-- Opening Marker --
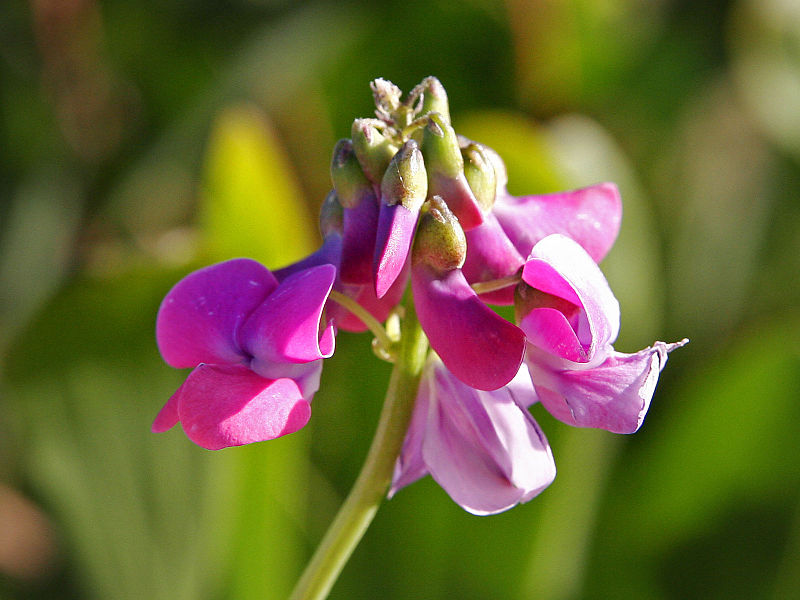 <p>What family does this plant belong to?</p>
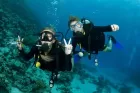 Colorful coral reefs and tropical fish in Red Sea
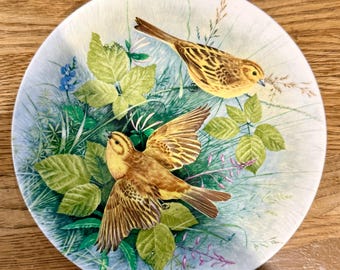 Royal Doulton, Fine Bone China Decorative Bird Plate "Yellow Hammer" "Birds of The Hedgerow" 1988 l Wall Decor, Gift Idea, Bird Lovers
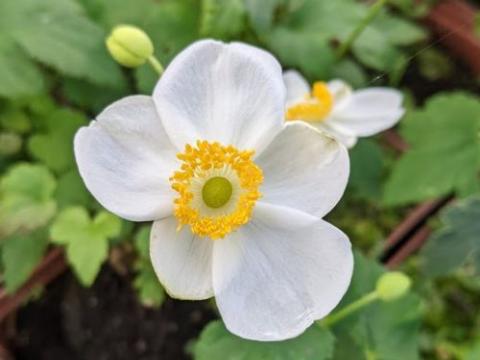 Anemone 'Summer Breeze Snow'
-- Closing Marker --
#### [Exercise]
Keep the pictures out, and write out the rest of the data above word for word.

#### [Task output]
 <p>What family does this plant belong to?</p>
 Colorful coral reefs and tropical fish in Red Sea
 Royal Doulton, Fine Bone China Decorative Bird Plate "Yellow Hammer" "Birds of The Hedgerow" 1988 l Wall Decor, Gift Idea, Bird Lovers
 Anemone 'Summer Breeze Snow'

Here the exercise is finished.